Unos dicen que pretenden “adoctrinar” a los chicos en “ideología de género” para que terminen siendo homosexuales, feministas, abortistas y comunistas. Otros, que los niños tienen derecho a una educación amplia en valores igualitarios más allá de si sus progenitores son unos homófobos intolerantes o unos fervientes seguidores del “terraplanismo”. Unos atacan con una interpretación de los Derechos del Niño, los otros con la Constitución. Unos con “razonamiento romanticista”, otros con pura pasión hooligan. A ambos les sirve esta pelea dialéctica y sentar precedente para las próximas batallas: entre ellas una nueva reforma educativa que debería aprobarse este año, la séptima desde 1980.
En medio, quedan los chicos. Chicos como el líder del Partido Popular (PP) Pablo Casado, quien, como en el patio del colegio, mira desde afuera el partido sin encontrar un lugar en el espectro político donde se sienta cómodo. Vox lo empuja por derecha y lo desangra con una agenda prepotente, irreverente y osada. Ciudadanos, que está a un paso del abismo, le tienta, pero le teme al centro que otrora embanderó Albert Rivera; para ello debería colaborar con Sánchez aportándole gobernabilidad o votándole los presupuestos, y eso le incomoda. Casi que sería traicionarse a sí mismo. Apoyar a aquel que, tras ganar las elecciones, le quitó el gobierno al PP en algo así como los escritorios de la FIFA. La herida de la moción de censura no cicatrizó en él aunque ya hay referentes de su partido que le demandan un giro al centro. Pero Casado en su fuero personal -y en el de sus alfiles más cercanos- se siente más cerca y quisiera el lugar de Abascal, a quien ellos mismos desterraron de las juventudes populares hace años. El problema es que no soporta cargar con la cruz de Vox. Lo que para Abascal es una mochila liviana que se aligera con cada golpe de la izquierda, para Casado sería un tormento. El hombre que para ganarse a la tribuna dice tener un familiar en cada región que visita o que lo unen lazos inquebrantables hasta con Ceuta y Melilla no soportaría el calvario de decir lo que piensa: o porque sería darle la razón a Sánchez o porque sería lo mismo que dice Vox.

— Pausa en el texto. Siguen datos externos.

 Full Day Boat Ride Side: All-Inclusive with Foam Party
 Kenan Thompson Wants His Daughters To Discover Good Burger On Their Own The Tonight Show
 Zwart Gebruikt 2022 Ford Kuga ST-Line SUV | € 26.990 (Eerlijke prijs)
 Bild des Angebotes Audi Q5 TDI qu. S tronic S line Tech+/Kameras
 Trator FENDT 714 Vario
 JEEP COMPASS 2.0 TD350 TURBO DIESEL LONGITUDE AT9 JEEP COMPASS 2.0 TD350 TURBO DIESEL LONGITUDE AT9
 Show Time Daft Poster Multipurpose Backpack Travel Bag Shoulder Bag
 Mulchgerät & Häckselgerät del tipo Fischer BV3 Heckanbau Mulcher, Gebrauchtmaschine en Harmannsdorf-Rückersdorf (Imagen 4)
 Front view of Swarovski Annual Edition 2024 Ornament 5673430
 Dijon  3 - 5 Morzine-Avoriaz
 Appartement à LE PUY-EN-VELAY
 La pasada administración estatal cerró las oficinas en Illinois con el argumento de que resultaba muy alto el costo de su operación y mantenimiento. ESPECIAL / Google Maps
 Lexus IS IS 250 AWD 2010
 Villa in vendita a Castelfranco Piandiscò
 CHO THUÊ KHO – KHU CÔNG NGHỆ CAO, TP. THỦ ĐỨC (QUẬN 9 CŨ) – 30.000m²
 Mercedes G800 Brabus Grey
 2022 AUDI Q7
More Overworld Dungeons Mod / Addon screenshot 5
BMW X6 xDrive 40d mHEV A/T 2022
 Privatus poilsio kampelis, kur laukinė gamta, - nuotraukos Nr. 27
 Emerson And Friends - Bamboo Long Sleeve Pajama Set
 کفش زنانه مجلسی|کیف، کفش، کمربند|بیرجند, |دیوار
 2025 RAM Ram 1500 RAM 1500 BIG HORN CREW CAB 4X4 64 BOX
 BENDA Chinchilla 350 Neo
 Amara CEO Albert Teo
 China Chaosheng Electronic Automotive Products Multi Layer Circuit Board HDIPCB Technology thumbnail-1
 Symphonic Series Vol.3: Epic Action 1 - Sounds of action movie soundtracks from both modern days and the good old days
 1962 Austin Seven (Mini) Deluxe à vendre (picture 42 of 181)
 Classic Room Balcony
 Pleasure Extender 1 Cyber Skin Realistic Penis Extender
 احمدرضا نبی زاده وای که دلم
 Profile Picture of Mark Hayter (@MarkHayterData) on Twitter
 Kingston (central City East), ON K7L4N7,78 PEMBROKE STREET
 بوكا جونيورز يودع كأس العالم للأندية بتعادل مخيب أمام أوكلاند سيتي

Abascal, a sabiendas de que su reciente partido aún no estaba en condiciones de liderar un Ejecutivo, brindó apoyos de gobernabilidad con los populares a cambio de apropiarse de una agenda mediática que contrasta con Sánchez. Casado cayó en la trampa y se ve atrapado en el discurso de Vox. Sabe que las imitaciones en política son un fracaso pero no encuentra una luz que lo ayude a escapar. Quizá tenga una oportunidad con los presupuestos. Si el PP no despierta rápido y recupera la iniciativa, dejará en manos de los ultras el liderazgo de la oposición española. Por la democracia y por esos chicos que no necesitan veto alguno, esperemos que no.